*** Input records

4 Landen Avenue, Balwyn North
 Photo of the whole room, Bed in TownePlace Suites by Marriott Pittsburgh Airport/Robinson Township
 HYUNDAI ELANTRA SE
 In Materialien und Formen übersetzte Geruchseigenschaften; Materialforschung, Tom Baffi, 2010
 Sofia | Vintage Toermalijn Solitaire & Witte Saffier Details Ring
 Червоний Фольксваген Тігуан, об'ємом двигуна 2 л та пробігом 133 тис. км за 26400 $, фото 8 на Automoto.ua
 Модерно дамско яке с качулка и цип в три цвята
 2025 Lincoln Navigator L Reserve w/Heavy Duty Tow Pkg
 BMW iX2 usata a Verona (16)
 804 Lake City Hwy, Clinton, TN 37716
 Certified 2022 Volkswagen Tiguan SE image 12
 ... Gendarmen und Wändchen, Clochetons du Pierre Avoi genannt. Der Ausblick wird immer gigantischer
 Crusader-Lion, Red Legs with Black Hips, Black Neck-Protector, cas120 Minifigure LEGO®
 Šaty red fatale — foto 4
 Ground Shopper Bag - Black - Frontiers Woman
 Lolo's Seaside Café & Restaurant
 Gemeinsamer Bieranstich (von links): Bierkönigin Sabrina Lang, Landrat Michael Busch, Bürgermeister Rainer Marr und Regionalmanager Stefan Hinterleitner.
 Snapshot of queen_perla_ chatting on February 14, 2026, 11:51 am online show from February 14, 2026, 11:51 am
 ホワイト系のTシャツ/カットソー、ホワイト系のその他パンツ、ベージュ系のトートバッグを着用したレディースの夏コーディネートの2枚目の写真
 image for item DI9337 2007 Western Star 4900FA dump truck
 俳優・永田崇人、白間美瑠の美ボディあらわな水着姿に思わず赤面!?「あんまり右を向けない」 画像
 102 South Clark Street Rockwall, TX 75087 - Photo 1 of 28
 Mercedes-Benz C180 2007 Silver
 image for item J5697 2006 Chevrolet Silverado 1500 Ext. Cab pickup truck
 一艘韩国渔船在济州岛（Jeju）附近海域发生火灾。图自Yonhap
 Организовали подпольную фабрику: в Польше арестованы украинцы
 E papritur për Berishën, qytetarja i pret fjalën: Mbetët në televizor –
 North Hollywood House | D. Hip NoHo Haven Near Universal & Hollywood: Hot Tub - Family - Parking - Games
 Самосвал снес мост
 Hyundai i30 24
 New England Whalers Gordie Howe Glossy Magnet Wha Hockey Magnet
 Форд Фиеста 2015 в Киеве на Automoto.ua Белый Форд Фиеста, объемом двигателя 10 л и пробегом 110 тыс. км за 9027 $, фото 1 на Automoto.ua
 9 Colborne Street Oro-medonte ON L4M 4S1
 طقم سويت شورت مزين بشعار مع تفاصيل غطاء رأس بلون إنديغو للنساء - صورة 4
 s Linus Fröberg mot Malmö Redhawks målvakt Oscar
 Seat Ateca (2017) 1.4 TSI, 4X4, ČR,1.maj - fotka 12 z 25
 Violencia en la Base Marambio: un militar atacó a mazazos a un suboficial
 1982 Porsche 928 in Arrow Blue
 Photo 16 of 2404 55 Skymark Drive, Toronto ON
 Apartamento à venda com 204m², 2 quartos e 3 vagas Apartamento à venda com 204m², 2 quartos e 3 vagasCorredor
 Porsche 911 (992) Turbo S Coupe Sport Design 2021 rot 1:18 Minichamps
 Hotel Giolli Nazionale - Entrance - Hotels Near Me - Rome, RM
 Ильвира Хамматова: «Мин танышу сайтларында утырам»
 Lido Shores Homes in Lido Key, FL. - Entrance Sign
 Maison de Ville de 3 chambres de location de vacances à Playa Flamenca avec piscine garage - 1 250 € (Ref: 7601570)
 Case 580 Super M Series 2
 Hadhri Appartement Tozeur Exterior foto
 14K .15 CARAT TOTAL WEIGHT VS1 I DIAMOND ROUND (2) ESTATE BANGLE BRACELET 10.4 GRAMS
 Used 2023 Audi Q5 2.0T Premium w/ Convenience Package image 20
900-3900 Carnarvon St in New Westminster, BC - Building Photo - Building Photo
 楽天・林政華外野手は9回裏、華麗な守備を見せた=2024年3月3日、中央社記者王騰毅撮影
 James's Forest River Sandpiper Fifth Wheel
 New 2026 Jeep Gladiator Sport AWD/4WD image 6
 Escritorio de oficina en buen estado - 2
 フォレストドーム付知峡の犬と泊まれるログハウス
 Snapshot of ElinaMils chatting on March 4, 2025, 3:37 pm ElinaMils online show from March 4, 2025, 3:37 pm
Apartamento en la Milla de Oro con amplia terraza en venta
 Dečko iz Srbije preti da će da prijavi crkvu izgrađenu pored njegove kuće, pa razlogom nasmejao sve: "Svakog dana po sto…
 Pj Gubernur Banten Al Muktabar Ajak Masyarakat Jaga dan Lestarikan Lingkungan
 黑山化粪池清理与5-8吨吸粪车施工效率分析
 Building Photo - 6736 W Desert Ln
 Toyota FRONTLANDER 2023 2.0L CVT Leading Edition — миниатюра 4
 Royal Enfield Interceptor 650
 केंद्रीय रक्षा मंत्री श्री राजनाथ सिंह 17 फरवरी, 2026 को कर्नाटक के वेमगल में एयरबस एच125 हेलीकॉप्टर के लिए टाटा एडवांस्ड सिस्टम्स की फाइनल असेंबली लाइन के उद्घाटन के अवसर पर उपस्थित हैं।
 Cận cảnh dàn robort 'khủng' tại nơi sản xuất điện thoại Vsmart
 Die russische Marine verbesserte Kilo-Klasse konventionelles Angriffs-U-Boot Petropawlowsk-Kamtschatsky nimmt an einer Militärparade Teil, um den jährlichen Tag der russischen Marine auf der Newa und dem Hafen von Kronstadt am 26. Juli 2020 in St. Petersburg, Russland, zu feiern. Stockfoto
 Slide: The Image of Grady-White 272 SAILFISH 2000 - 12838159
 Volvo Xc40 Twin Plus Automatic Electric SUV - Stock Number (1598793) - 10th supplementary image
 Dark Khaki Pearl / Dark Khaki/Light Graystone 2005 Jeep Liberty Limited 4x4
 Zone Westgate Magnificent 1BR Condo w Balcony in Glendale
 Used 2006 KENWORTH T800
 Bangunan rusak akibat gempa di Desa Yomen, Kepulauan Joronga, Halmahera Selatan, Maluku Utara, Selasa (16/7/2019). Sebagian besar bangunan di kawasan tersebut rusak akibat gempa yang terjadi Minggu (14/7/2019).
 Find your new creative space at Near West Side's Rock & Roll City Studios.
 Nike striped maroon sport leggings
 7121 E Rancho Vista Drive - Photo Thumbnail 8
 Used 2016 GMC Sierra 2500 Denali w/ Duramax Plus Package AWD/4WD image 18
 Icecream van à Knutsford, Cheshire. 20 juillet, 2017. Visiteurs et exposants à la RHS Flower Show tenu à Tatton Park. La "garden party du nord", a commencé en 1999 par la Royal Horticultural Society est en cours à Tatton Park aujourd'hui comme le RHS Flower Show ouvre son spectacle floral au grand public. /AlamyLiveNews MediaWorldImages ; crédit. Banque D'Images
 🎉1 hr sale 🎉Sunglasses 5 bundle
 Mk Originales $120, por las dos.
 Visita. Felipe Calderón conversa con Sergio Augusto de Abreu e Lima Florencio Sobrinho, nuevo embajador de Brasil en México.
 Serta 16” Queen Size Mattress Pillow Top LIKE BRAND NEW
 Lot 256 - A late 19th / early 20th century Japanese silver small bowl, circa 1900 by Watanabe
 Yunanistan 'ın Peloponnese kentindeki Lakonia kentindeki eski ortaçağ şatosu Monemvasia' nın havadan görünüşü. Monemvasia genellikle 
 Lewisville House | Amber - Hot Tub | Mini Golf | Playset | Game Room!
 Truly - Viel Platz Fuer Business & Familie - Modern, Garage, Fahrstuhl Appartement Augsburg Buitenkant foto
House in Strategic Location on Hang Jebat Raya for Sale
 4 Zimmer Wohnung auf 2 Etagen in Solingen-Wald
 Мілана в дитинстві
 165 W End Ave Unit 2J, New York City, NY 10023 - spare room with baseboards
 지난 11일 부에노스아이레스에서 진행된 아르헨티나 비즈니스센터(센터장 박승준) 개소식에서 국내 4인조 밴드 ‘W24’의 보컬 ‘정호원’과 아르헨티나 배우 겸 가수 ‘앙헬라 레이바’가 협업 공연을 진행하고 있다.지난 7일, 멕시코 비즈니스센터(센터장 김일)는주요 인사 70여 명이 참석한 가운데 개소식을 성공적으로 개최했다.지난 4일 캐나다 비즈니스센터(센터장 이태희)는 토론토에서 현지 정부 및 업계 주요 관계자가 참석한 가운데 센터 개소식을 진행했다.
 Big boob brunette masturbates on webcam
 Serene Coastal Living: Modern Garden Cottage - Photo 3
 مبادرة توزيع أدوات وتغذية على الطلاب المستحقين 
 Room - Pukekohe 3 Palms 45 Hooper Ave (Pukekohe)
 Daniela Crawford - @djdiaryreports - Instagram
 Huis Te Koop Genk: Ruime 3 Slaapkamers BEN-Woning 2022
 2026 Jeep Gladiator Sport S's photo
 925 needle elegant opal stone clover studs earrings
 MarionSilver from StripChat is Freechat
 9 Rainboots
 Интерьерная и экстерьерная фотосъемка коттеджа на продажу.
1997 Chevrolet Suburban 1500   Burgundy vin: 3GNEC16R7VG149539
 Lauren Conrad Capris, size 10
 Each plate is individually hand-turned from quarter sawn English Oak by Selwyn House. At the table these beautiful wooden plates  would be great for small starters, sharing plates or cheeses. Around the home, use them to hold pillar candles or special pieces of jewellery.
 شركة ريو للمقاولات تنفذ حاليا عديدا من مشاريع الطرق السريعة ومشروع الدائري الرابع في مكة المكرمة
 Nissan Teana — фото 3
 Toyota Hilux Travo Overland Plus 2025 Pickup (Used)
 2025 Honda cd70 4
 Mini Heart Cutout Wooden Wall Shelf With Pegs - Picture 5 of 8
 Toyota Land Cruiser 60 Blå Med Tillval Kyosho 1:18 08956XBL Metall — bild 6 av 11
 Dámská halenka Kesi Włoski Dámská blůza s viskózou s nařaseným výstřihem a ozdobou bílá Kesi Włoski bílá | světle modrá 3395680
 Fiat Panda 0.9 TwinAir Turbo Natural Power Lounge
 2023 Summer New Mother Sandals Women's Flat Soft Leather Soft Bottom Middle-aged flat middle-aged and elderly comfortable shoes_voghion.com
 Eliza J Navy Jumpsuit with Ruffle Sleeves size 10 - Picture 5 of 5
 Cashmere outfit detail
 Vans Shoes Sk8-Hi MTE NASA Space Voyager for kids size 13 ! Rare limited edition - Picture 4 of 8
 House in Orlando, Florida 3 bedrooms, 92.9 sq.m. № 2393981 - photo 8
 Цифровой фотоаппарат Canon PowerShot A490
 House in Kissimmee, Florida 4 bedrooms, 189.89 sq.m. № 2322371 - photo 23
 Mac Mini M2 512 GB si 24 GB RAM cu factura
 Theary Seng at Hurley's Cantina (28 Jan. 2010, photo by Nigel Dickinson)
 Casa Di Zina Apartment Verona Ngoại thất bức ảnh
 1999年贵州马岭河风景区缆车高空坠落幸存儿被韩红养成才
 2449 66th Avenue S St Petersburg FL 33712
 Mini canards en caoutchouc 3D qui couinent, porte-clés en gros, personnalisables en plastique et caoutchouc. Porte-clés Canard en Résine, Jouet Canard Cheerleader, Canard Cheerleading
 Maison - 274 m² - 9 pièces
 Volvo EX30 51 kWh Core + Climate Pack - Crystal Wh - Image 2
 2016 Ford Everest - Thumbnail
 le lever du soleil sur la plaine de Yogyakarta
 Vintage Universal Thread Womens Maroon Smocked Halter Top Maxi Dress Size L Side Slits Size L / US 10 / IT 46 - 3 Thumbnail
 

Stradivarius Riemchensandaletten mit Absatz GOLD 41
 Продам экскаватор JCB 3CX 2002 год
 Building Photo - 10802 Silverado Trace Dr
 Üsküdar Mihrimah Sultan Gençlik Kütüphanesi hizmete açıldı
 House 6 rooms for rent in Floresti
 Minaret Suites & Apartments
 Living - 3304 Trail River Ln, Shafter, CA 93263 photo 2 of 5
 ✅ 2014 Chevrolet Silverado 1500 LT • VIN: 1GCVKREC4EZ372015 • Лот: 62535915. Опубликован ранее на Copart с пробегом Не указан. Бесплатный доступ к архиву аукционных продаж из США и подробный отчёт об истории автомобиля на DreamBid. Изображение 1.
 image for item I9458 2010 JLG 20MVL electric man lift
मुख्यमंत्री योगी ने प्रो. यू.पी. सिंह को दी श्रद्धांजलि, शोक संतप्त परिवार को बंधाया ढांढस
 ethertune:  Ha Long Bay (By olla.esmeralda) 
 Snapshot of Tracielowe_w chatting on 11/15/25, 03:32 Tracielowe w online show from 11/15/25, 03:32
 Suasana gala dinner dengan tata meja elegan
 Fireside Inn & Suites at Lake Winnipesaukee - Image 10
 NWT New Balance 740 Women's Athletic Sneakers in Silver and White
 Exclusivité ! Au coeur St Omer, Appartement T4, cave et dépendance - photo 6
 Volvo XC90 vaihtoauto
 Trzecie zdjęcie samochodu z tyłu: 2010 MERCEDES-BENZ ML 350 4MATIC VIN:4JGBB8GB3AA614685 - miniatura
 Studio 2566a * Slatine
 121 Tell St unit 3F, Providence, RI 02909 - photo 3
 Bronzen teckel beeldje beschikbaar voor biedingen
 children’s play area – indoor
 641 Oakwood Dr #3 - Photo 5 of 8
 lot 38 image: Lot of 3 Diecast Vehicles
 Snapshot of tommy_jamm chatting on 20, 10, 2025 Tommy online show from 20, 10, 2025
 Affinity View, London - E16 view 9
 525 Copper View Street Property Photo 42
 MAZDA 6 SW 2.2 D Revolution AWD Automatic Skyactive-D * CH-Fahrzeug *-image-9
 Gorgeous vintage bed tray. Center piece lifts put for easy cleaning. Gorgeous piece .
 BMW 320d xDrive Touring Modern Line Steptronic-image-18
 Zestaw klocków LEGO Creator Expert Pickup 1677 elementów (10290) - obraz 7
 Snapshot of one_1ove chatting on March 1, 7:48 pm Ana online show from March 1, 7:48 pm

******

- What is being asked
Copy exactly, and only, the lines from the one containing "Studio 2566a * Slatine" through the last line of the listing.

- Result of the task
 Studio 2566a * Slatine
 121 Tell St unit 3F, Providence, RI 02909 - photo 3
 Bronzen teckel beeldje beschikbaar voor biedingen
 children’s play area – indoor
 641 Oakwood Dr #3 - Photo 5 of 8
 lot 38 image: Lot of 3 Diecast Vehicles
 Snapshot of tommy_jamm chatting on 20, 10, 2025 Tommy online show from 20, 10, 2025
 Affinity View, London - E16 view 9
 525 Copper View Street Property Photo 42
 MAZDA 6 SW 2.2 D Revolution AWD Automatic Skyactive-D * CH-Fahrzeug *-image-9
 Gorgeous vintage bed tray. Center piece lifts put for easy cleaning. Gorgeous piece .
 BMW 320d xDrive Touring Modern Line Steptronic-image-18
 Zestaw klocków LEGO Creator Expert Pickup 1677 elementów (10290) - obraz 7
 Snapshot of one_1ove chatting on March 1, 7:48 pm Ana online show from March 1, 7:48 pm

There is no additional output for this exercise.